Support staff at a Barnsley school are to be balloted over strike action over plans to make its nine ‘dinner ladies’ redundant.
The plan is remove the jobs of all nine school mean supervisory assistants at Ladywood primary school in Grimethorpe, who make up a team of almost 20 support staff which also includes teaching assistants, with some of those expected to take on lunchtime supervision duties instead.
The trade union UNISON is fighting the proposals and over the summer its members at the school will be balloted on whether to reject the plan and take industrial action when the school re-opens after the summer holiday.
Unison has now written to Barnsley Council, the affected staff’s employer, informing them of its intention to ballot staff. Barnsley Council has not commented on the situation.

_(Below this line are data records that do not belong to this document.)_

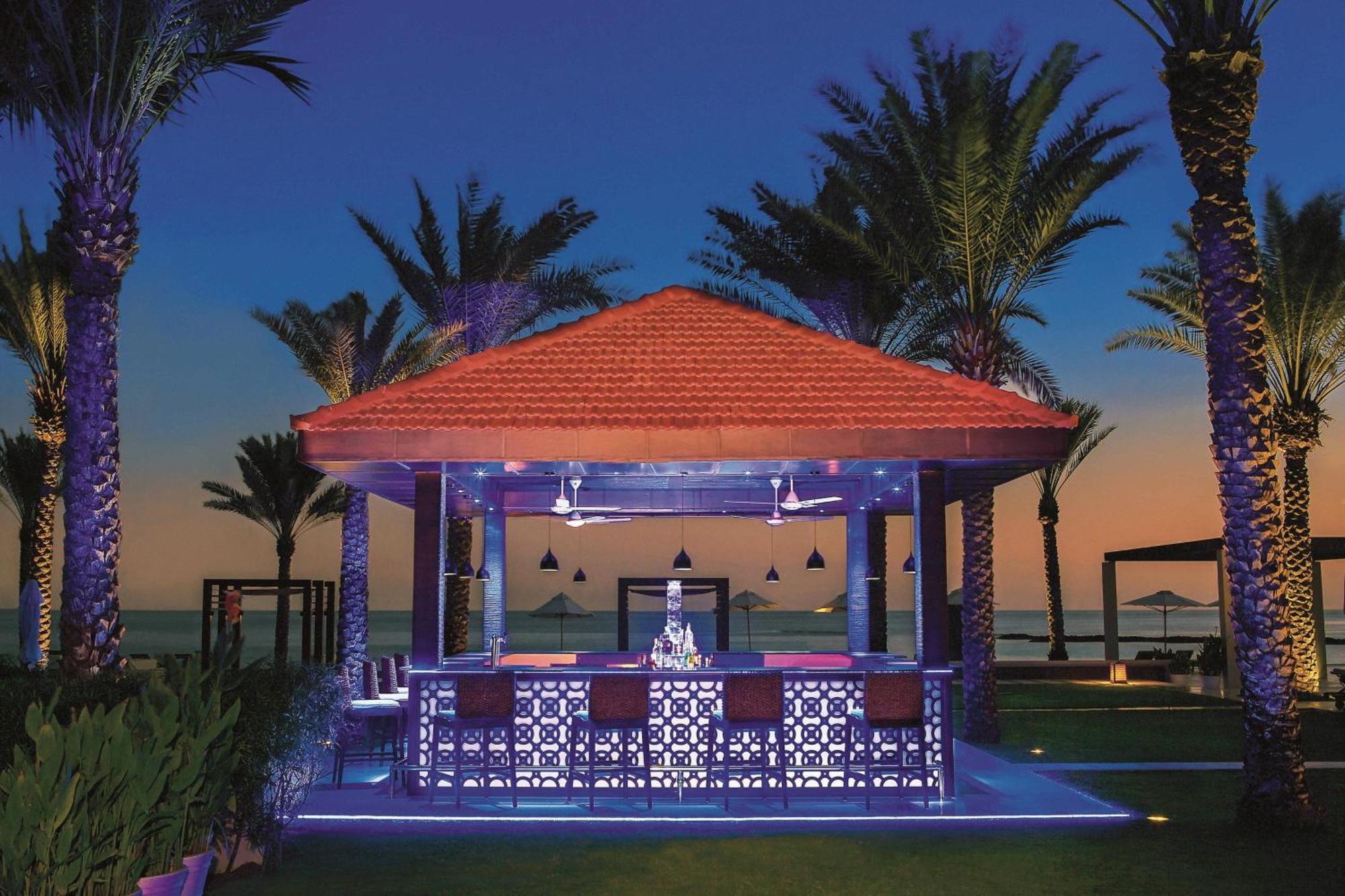 מוסקט Al Bustan Palace, A Ritz-Carlton Hotel מראה חיצוני תמונה The Cove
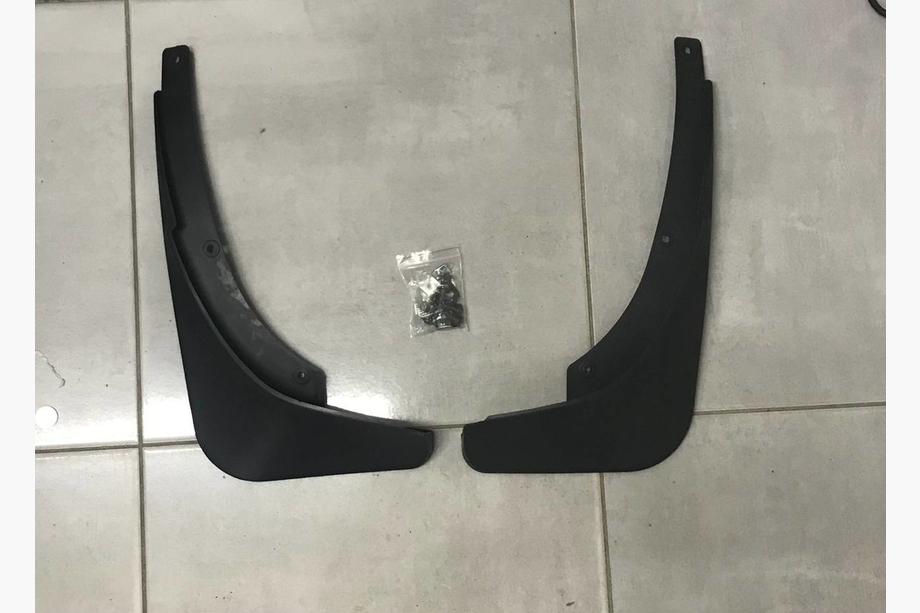 Skoda Yeti 2009-2017 Premium Heckschmutzfänger (2 Stk) Image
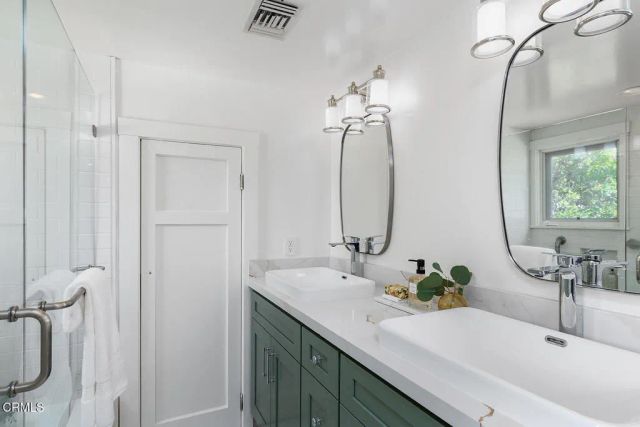 1275 N Hill Avenue, Pasadena, CA 91104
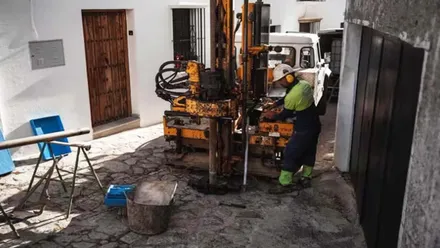 Maquinaria pesada haciendo pruebas con un operario en Grazalema.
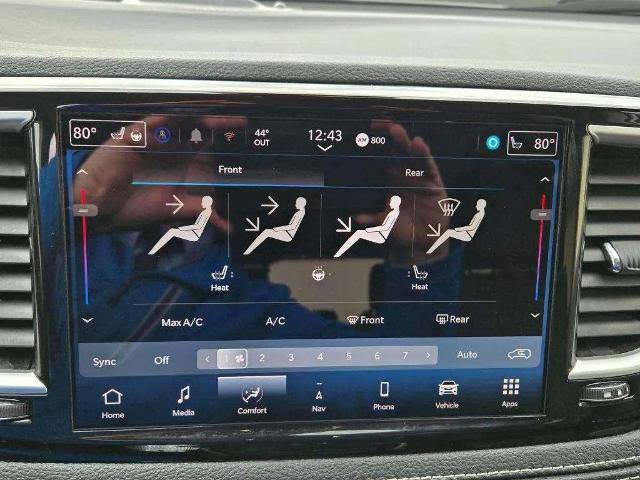 Used 2024 Chrysler Pacifica SELECT image 15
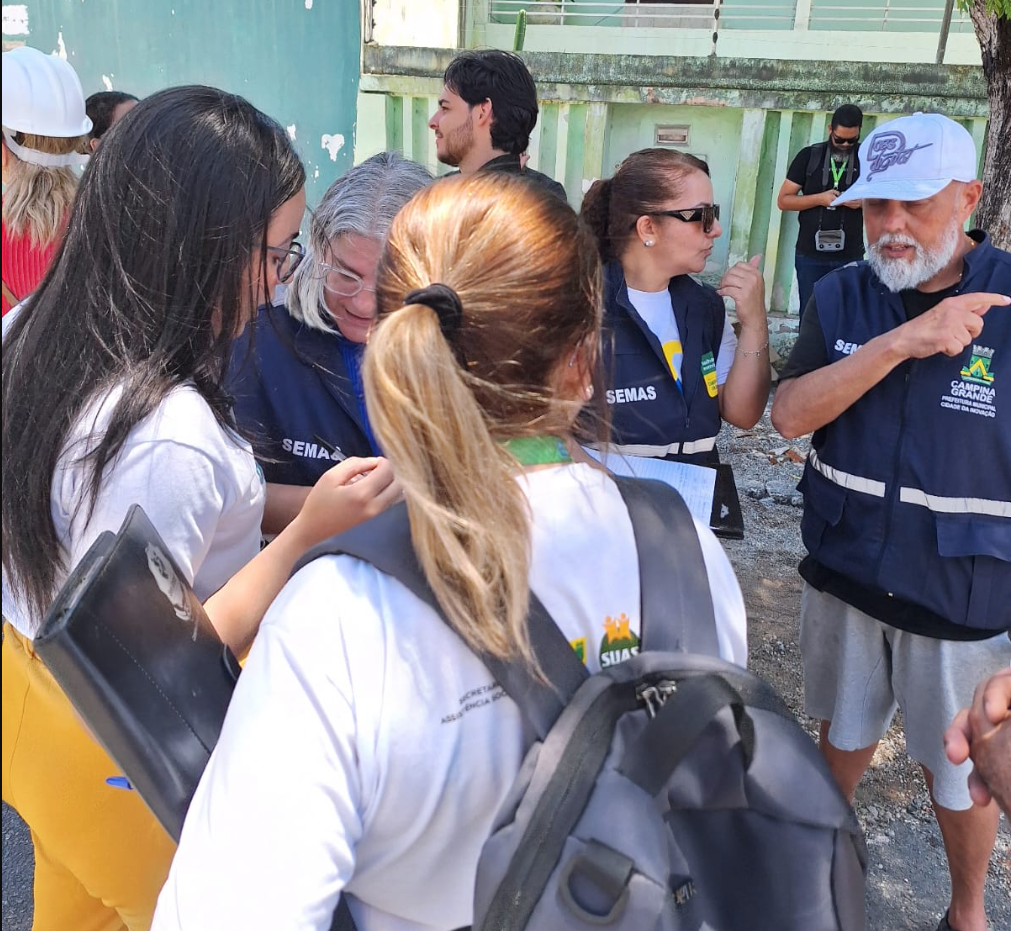 Equipes da Prefeitura de Campina Grande acompanham situação de famílias atingidas após rompimento de reservatório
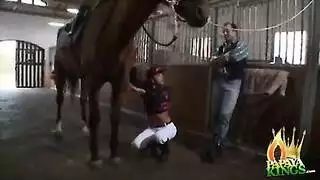 كريمبي شرجي بمؤخرة كبيرة جداً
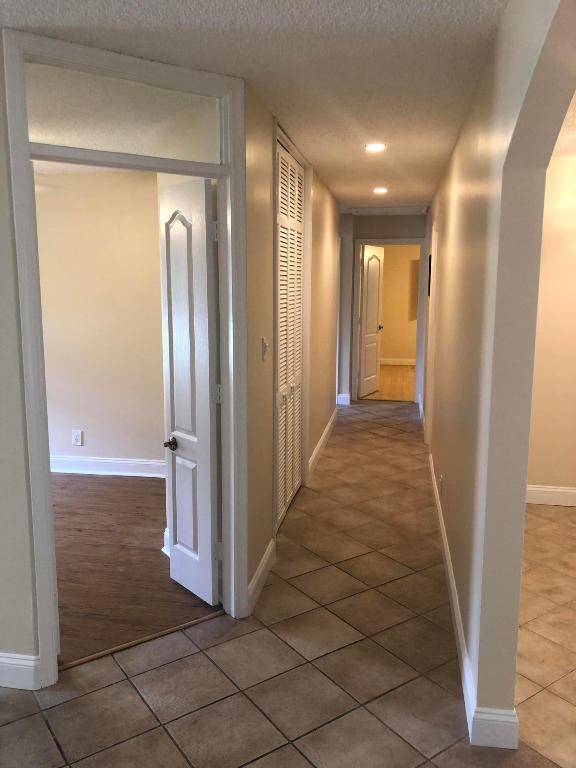 BOCA RATON HILLS SEC 3 - Residential Lease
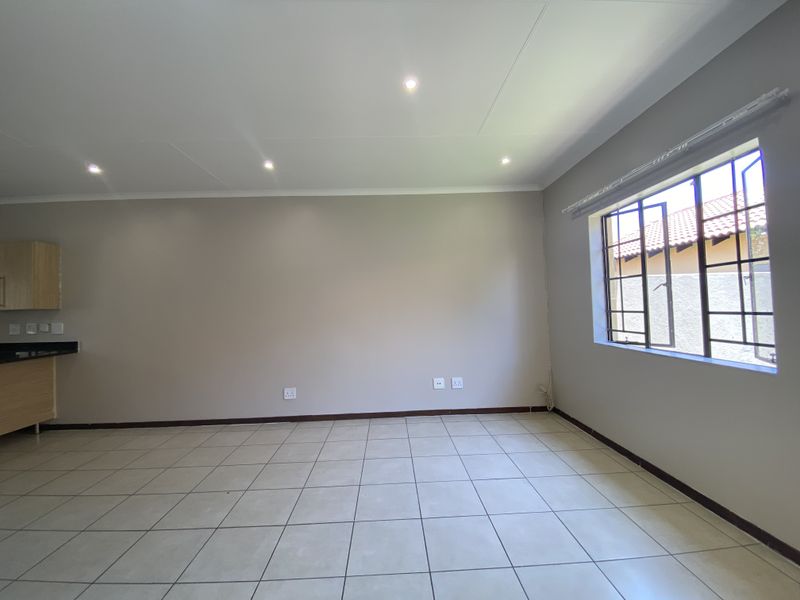 Stunning Three Bedroom Home In A Beautiful Estate - Photo 3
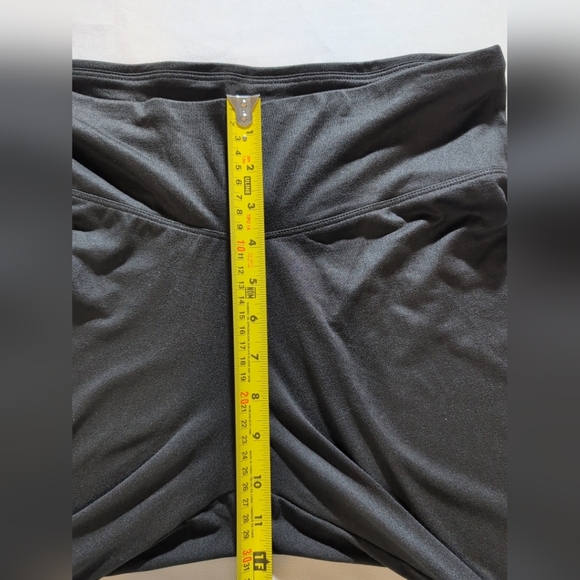 Express Black  Leggings Size Medium - Picture 3 of 8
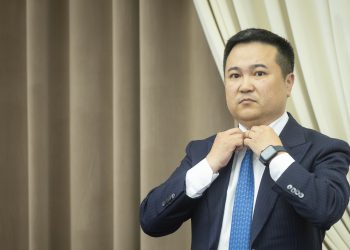 УИХ-ын гишүүн П.Сайнзоригийг “бусдын биед хөнгөн гэмтэл санаатайгаар учруулах” гэсэн зүйл ангиар яллагдагчаар татжээ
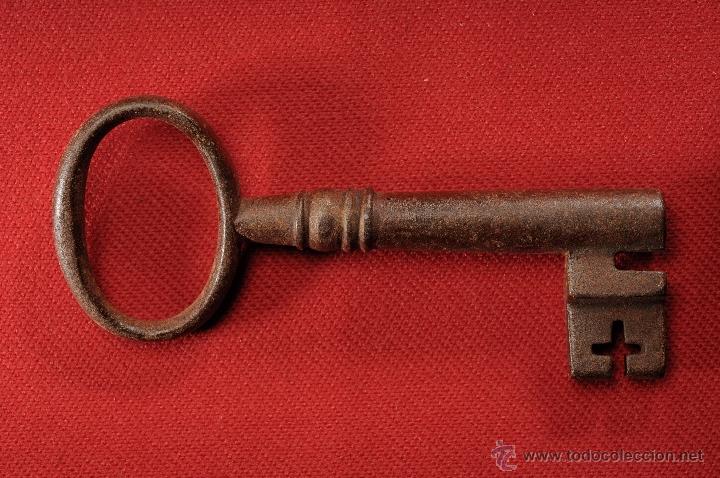 Antig&uuml;edades: ANTIGUA LLAVE EN HIERRO FORJADO - Foto 1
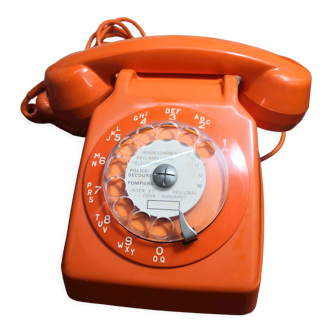 Téléphone orange vintage S63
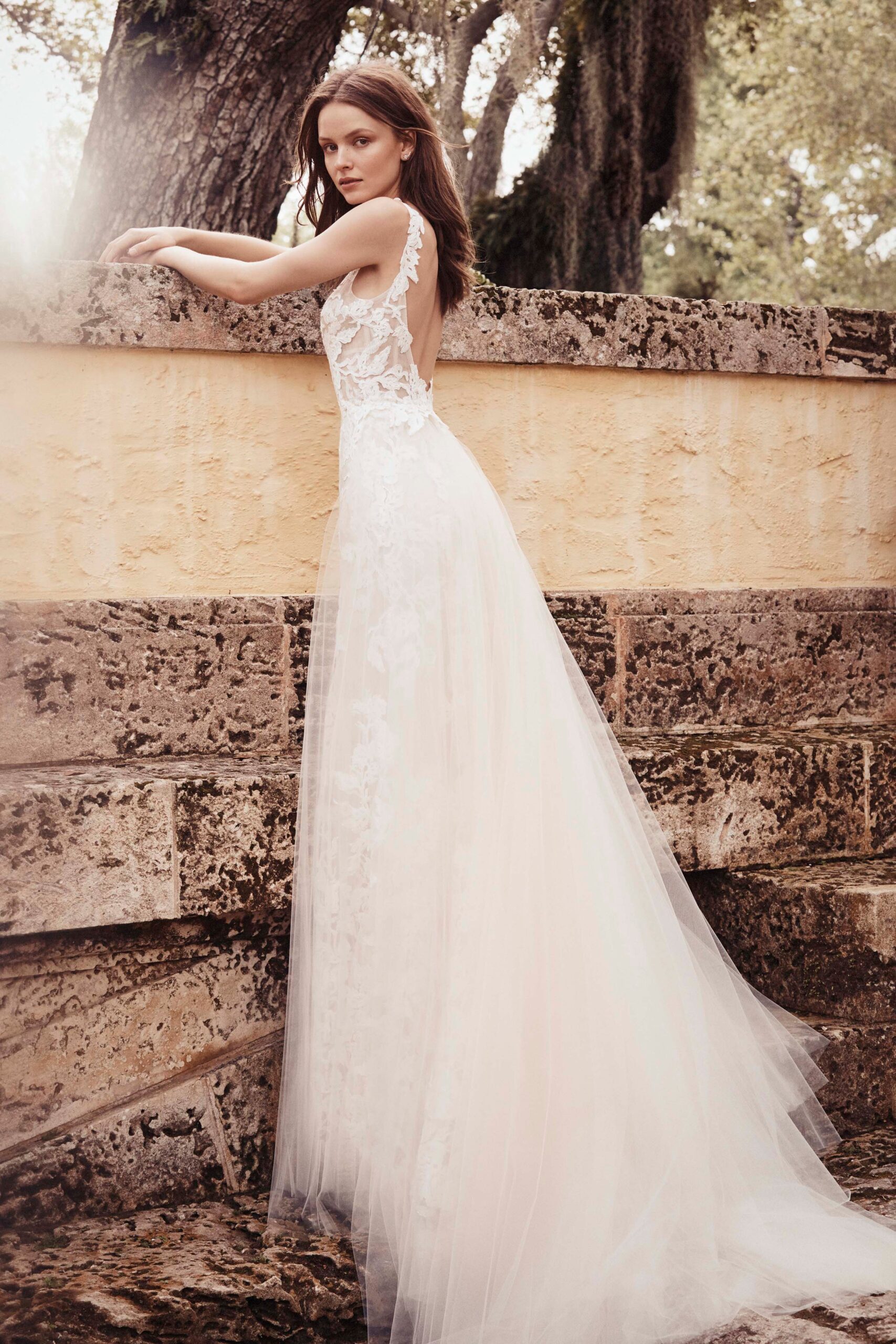 Monique Lhuillier S/S 20 Bridal Look 2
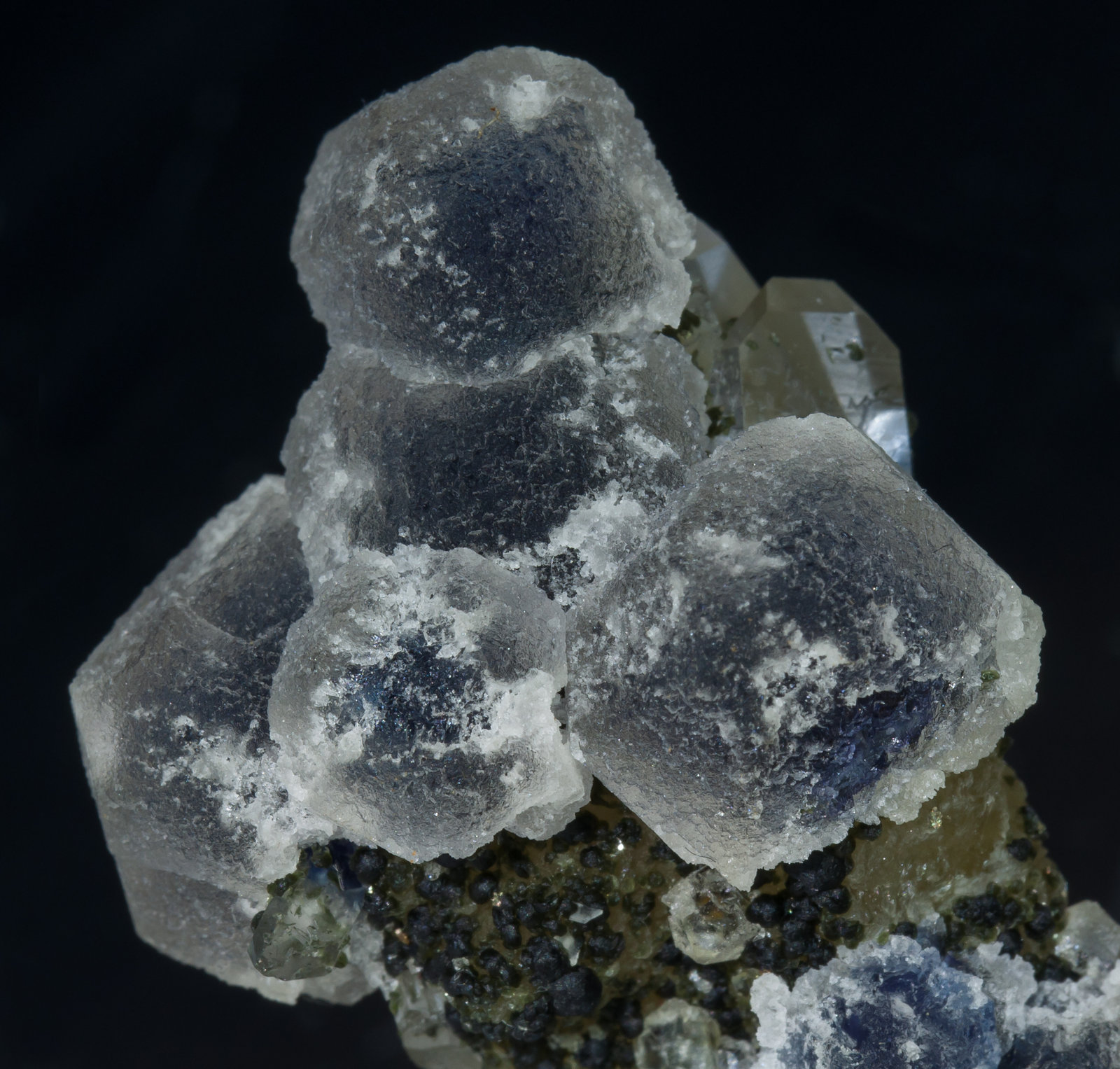 specimens/s_imagesAB1/Fluorite-MR46AB1d.jpg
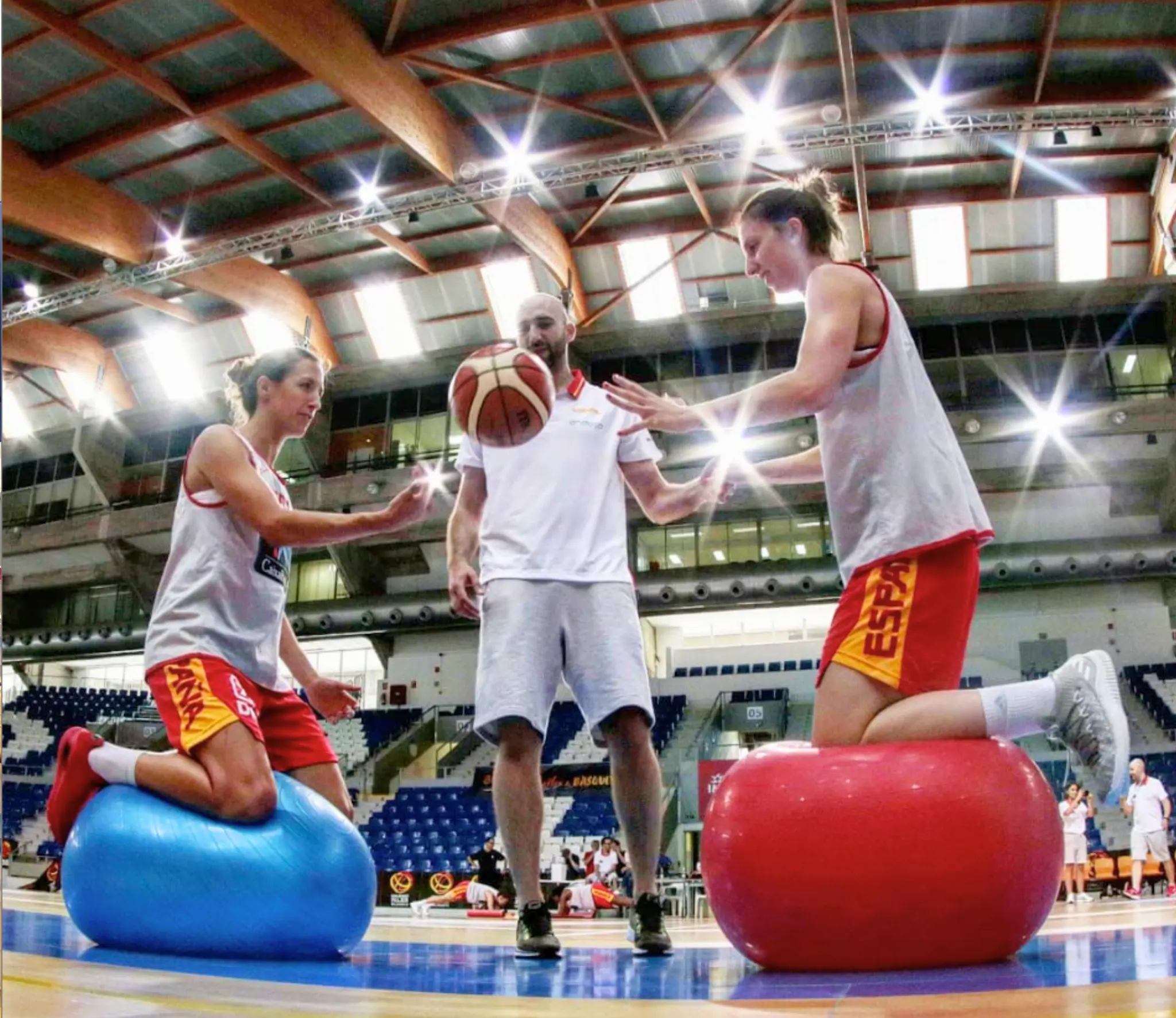 Entrenamiento de equilibrio y control con fitball en jugadoras de baloncesto profesional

According to Unison, the school’s management initially argued that teaching assistants who will perform lunchtime duties under the new proposals have specialist skills to deal with challenging children during the lunch break, leaving the dinner ladies no longer needed.
However, the union claims it has challenged that and has now been told the job losses are necessary to save money, with a saving of £23,625 proposed.
Reductions to working hours and non replacement of staff have gone a long way to achieving that, the union claims, with further costs also expected in salary hikes for the staff who would take on extra duties.
UNISON Yorkshire & Humberside Area Organiser Jordan Stapleton said: “Our dinnerladies have been at the heart of the local community supporting children for generations. They are long-serving, dedicated women and it’s shocking to suggest they are no longer needed.
“It’s also completely unfair and unreasonable to just expect the TAs to pick up the duties of the dinnerladies – they are stretched enough as it is. Above all else our members are concerned with how this will affect the children.
“The plans simply don’t add up. If the dinnerladies are made redundant the TAs can’t provide the one-to-one support the headteacher wants because they’ll be supervising all 210 pupils. And we do not believe the school has to make these cuts for financial reasons because the savings, and more, can be achieved elsewhere.
“Strike action is always a last resort for our members but the school’s refusal to hold talks and reconsider has left us with no other option,” he said.